The president and his supporters have worked furiously to tamp down a backlash over the Justice Department and FBI’s July statement that there was no Epstein “client list.” Trump and many of his backers, including FBI Director Kash Patel and Vice President JD Vance, had previously stoked conspiracies that the Biden administration was protecting a cabal of child abusers connected to Epstein.

On Oct. 2, after the podcast aired, Garcia sent a letter to Lutnick asking him to “cooperate” in their investigation into possible Epstein co-conspirators.

“In the interest of justice for the victims of Jeffrey Epstein and his enablers, and given your firsthand interactions with and knowledge of Mr. Epstein, we demand that you cooperate with the Committee’s investigation by sitting for a transcribed interview with Committee staff,” Garcia wrote.

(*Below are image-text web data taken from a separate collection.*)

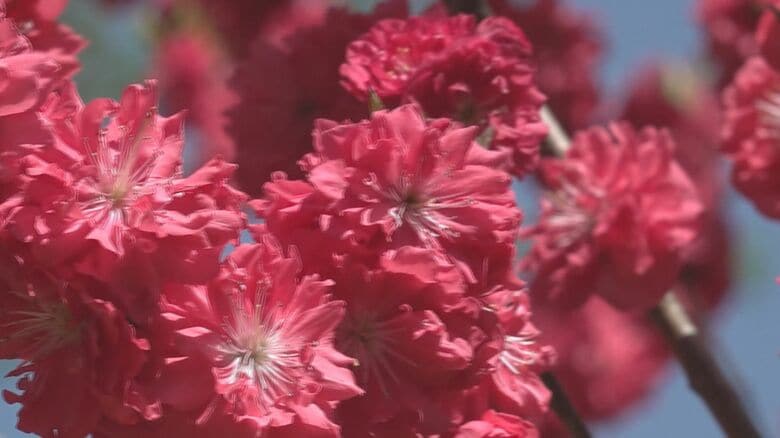 勝原のハナモモ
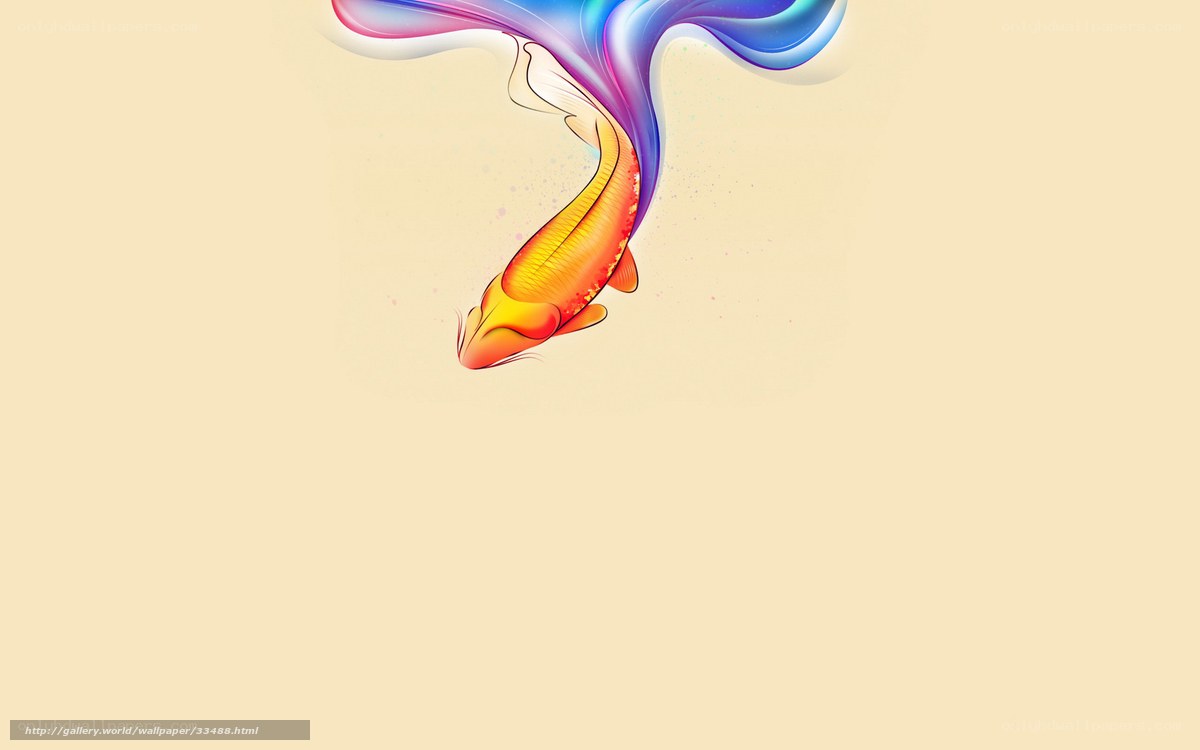 Colorful koi fish art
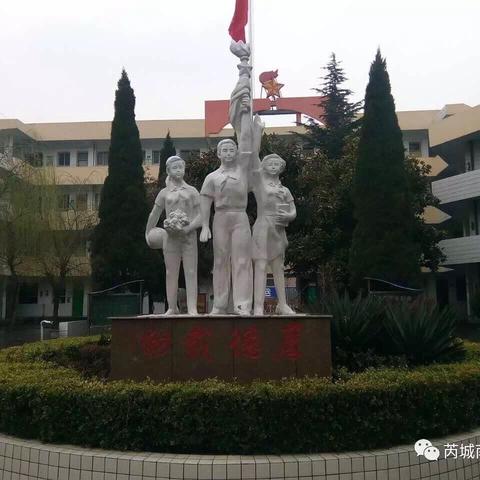 南街小学一语组“停课不停学”第七周工作总结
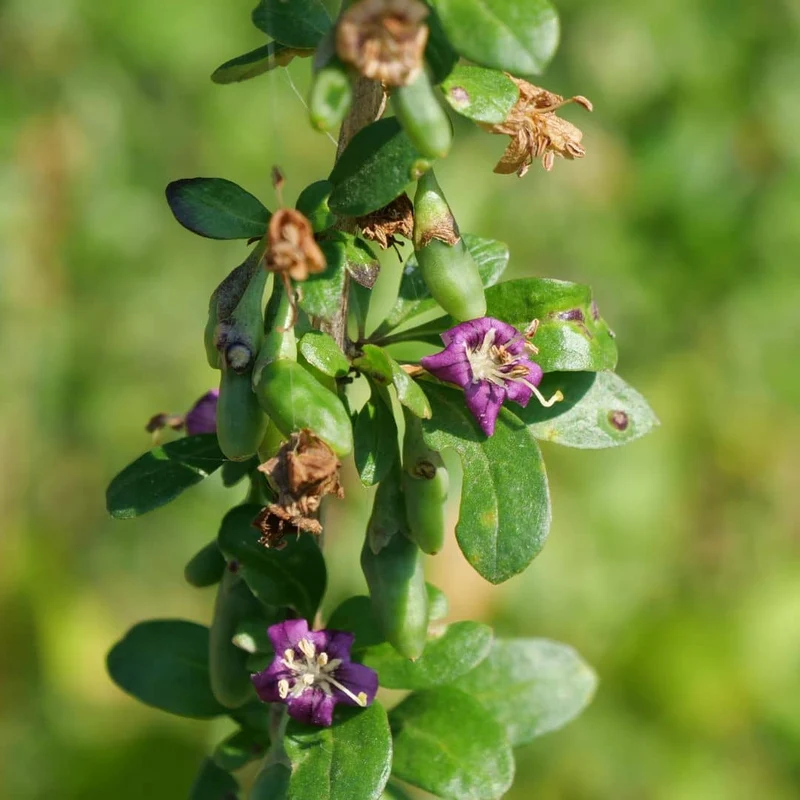 Baie de goji — Graines ou plant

Delaying a House vote on Epstein files

In Congress, a bipartisan measure backed by Rep. Thomas Massie, a Republican from Kentucky, and Rep. Ro Khanna, a Democrat from California, has 217 signatures from House members calling for U.S. Attorney General Pam Bondi to release the Department of Justice’s files on Epstein. One more vote is needed to force a House vote over the resistance of Speaker Mike Johnson.

Democrats have accused Speaker Johnson of delaying the swearing-in of Democratic Rep.-elect Adelita Grijalva, who won a special election in Arizona − and whose vote could be instrumental in making the Epstein records public.

In the podcast interview, Lutnick speculated that Epstein had managed to secure a controversial 2008 plea deal in exchange for videos he possessed. The deal allowed him to avoid federal sex trafficking charges.

Epstein instead pleaded guilty to lesser charges of soliciting a minor for prostitution in Florida state court and was required to register as a sex offender. He received an 18-month sentence and was permitted to go on “work release” to his office while in custody.

Trump’s association with Epstein has dogged him since his first term in office. In 2019, Trump said he’d had a “falling out” with Epstein, whom he described as a “Palm Beach fixture,” in the mid-2000s.